Senin, 08 Agustus 2011

Surat balasan untuk Dimas Arika Mihardja

Nurel Javissyarqi

Sebelum balasan surat ini merambat jauh, maafkan “saudaraku” Dimas Arika Mihardja (DAM) jikalau alunanya terlalu subyektif nantinya, tersebab dalam hal ini aku mengandalkan daya ingat serta semacam men-gayal masa lalu (mengingat yang terlewat), bukan ber-hayal yang bermakna lencungan ke masa depan atau angan-angan.
Lagian kala membaca suatu karya, pun berpapasan si pengarangnya, kerap kali aku berjarak, ini tak lebih demi merawat pandanganku agar timbul keobyektifan selalu, maka di wilayah susastra pula bebidang ilmu pengetahuan lain, aku melihat (membaca, mengamati, meneliti) dengan membawa jiwa ini sebagai orang asing, semisal tersesat di keramaian pasar, lebih jauh gembel yang berlalu lalang, membuat orang-orang muak, namun di kedalamannya berdaya jangkauan selidik sebagai makhluk di luar lingkaran, kadang malah diriku sendiri menjadi sasaran selidik atas dua bola mataku yang nakal, pandangan bathinku, kedua mataku seperti berayun-ayun mengudara dan tiada yang menyaksikannya, aku pun tak bisa melampaui kecurigaannya, demikian aku memasuki kehidupan, sebagai insan bebas tak beridentitas, tepatnya pengelana.

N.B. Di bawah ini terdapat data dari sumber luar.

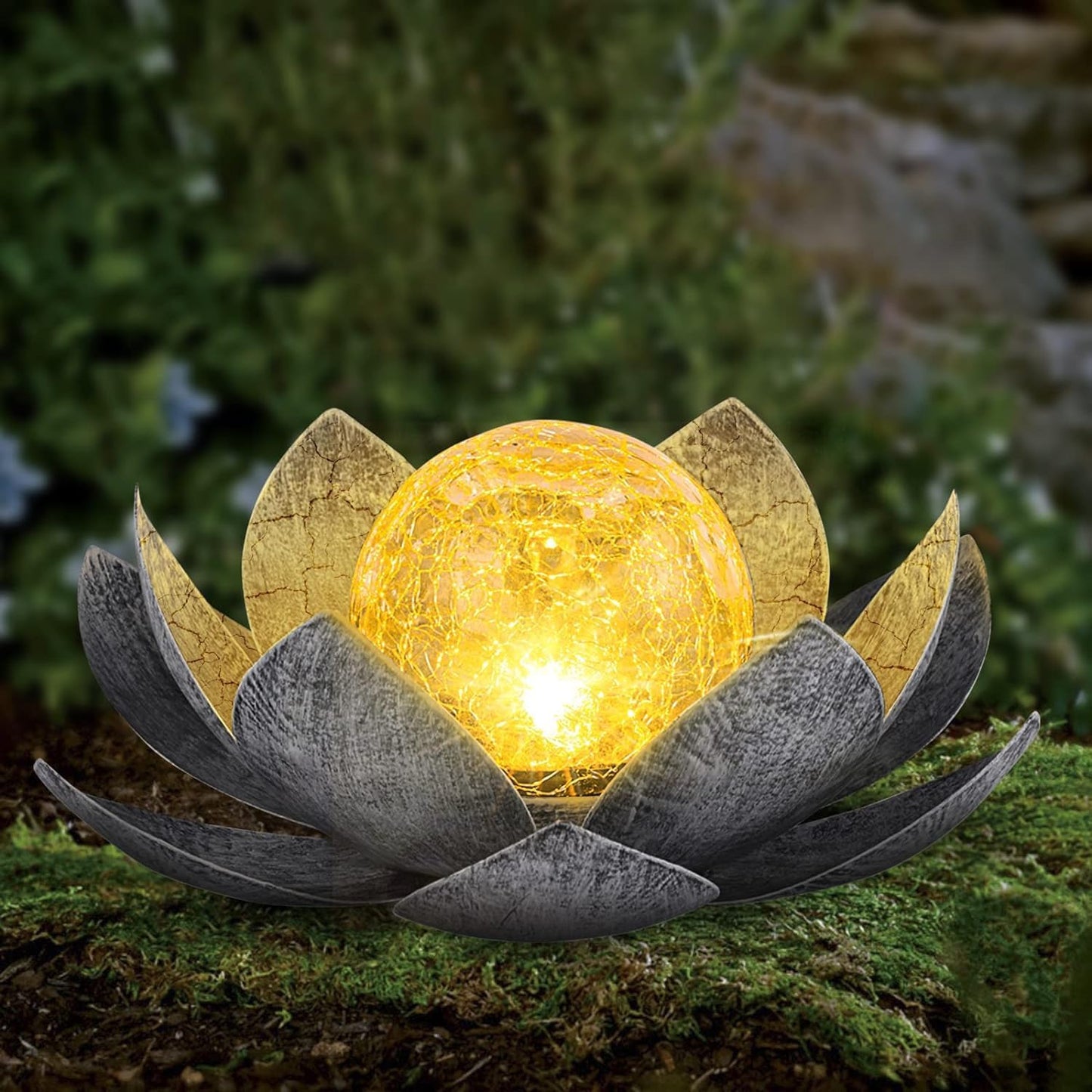 Garden Solar Light Outdoor(2Pack), Amber Crackle Globe Glass Lotus Decoration, Waterproof Gary Metal LED Flower Lights for Patio,Lawn,Walkway,Tabletop, Garden Gifts for Women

DAM, kita pertama atau paling akhir ketemu di Ngawi, kata paling akhir sebab masih nyantel diingataku, tidak salah DAM berasal dari Jogjakarta yang kini bermukin di Jambi (nama ini mengingatkan sebuah pohon), kata pertama karena lamat-lamat seolah pernah berjumpa di Jakarta, kedua peristiwa tersebut dalam acara sastra, tentu aku hanya melihat, sebab lebih menyukai sebagai subyek yang bisa leluasa membaca daripada dibaca, inilah alasanku kenapa kerap keberatan diminta membaca puisi misalnya. Setidaknya perpustakaan pribadiku sebagai bukti bahwa aku tidak hanya suka sastra, bebidang pengetahuan aku perlakukan sama di mejaku pula tokoh-tokoh yang menghidupkan ruangan belajarku berlainan dunianya, dari mereka aku peroleh banyak dialog pelajaran yang lebih menyadari posisi diri sebagai pengelana, untuk menghindari kefanatikan membuta yang kerap dirasakan oleh para pelaku yang hanya berfokus dalam bidangnya saja.

Dua alasanku paling penting kenapa berjarak dengan dunia sastra, satu telah kusebutkan di atas, selanjutnya agar tiada yang merasa terganggu, entah cemburu, benci atau persaingan berwatak buruk. Mungkin yang kulakukan separas ayu kesenangan, bukan bentuk profesi yang wajib diperjuangkan, lantaran kenyataannya aku menyukai nilai-nilai hikmah, dan kasus aku menggugat SCB sekadar ingin meluruskan pandangan, kalaulah adanya ketidaksesuaian dapat didialogkan lebih dewasa dengan porsi seimbang lewat kesadaran berpijak, bukan hanya luapan lewar apalagi sugesti sulapan. Istilahnya jalanku sejenis bermain tanpa beban guna merawat jiwa ini tetap sumringah, tidak ada gontok-gontokkan kecuali kepada nilai-nilai yang saling diperjuangkan demi menemukan wajah bijak, kesejatian diraih untuk harkat kemanusiaan pengisi bumi keselamatan setanggungjawab.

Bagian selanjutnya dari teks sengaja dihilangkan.